Я засмеялся, громко и обидно. Случившийся неподалеку мужчина – я знал его, то был гость моего отца, прибывший на праздник моих совершенных лет из самого Рейкьявика – покосился, было, на меня, понял, что смеюсь я не над ним и вообще, кажется, не насмешничаю, и пошел себе дальше.

- И поставить сбоку от стреломета по большому светильнику! Так, чтобы не освещал вокруг себя, а мог издалека высветить чужой корабль! - меня несло. Впрочем, он же первый начал, да?

- Это, кстати, отличная идея, Амлет! - обрадовался дух. - Только сначала надо сделать тебе концентратор. Жестам и формулам я тебя обучу…

- Мне не нужен концен… этот твой жезл! - правильно понял я устремление духа. - Заповедано предками сгущать и направлять гальдур Песнью, вот я и буду Петь!

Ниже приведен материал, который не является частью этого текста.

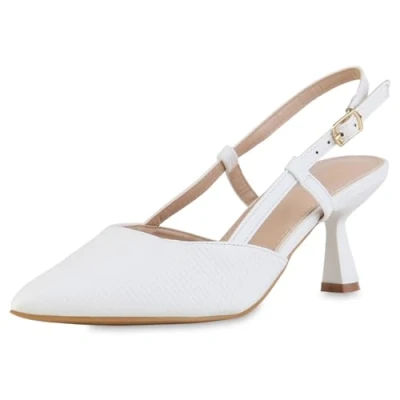 Abbildung von VAN HILL Damen Slingpumps Stiletto Prints Trendy Schuhe 217338 Weiss 36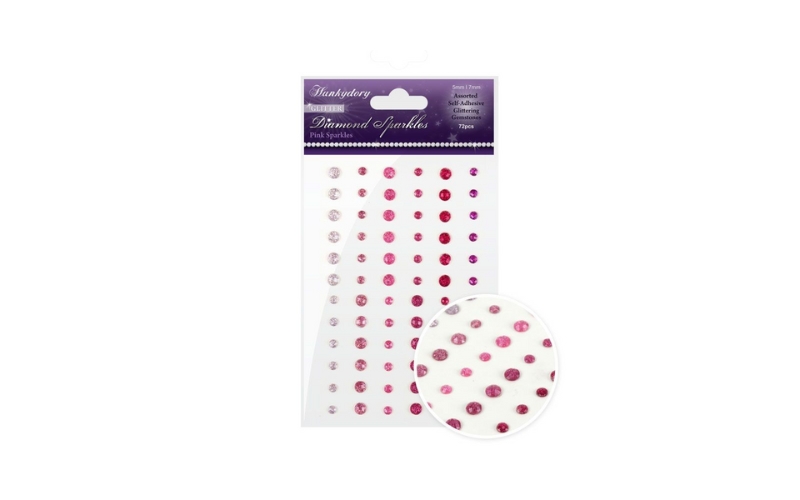 Roze Diamant Glitter Stickers Hunkydory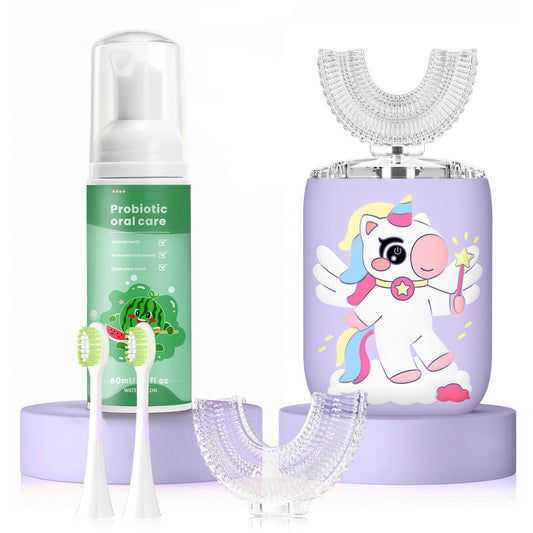 ELOTAME Kids Electric U-Shaped Unicorn Toothbrush purple - front view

- Скажи, - я вдруг представил себе наяву ехидную улыбку на лице раскосых глаз. - Есть ли в завете предков слово «только»? Звучит ли фраза «сгущать и направлять гальдур только Песнью»?

Я покопался в своей отменной памяти, и понял, что покровитель прав: слова «только» действительно не было ни сказано, ни записано.

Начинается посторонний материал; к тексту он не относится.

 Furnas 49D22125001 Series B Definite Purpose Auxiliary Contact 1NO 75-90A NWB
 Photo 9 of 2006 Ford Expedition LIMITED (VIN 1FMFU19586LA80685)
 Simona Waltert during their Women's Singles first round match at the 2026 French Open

- Все, что специально не запретили, разрешено! - еще более весело сообщил мне мой внутренний собеседник. - Значит, никто не мешает тебе овладеть еще одной техникой… А то и не одной. Не воспринимай это как что-то нечестное: скорее, это воинская хитрость. Враг не будет знать, что ты умеешь гонять этот свой гальдур как-то еще, кроме как песней, и не будет готов к другому удару, ловкому и неожиданному!

- Значит, будем делать этот твой кон-цен-тра-тор, - по слогам, но правильно, произнес я название волшебной вещи. Речь шла, конечно, о том длинном стиле, которым во сне моем дух писал свои значки прямо в воздухе.

Идея получения нового знания вдруг захватила меня всего: строители, владеющие, к тому же, гальдуром, ценились настолько высоко, что случись такому оказаться в рабстве, его немедленно прекращали брить, оделяли большим ножом и принимались платить за труд его полновесным серебром, а после сделанной на совесть работы и вовсе отпускали восвояси!

- Сначала надо найти подходящую деревяшку, а у вас с этим сложно, - начал полезное поучение дух. - Ничего, наверняка можно будет что-то подобрать на годовом рынке. У вас ведь бывают такие?

Интересно было, что слово «ярмарка», произнесенное на его, духа, родном языке, звучало почти совершенно так, как говорили мы — ársmarkaður, и означало ровно то же самое!

Я совсем уже собрался поинтересоваться — как так вышло, что столь разные народы так похоже говорят о важном и правильном, но тут шустрый трэль прибежал с весточкой от отца: позвали смотреть подарки.

Позвали меня одного, но пошли мы, конечно, оба.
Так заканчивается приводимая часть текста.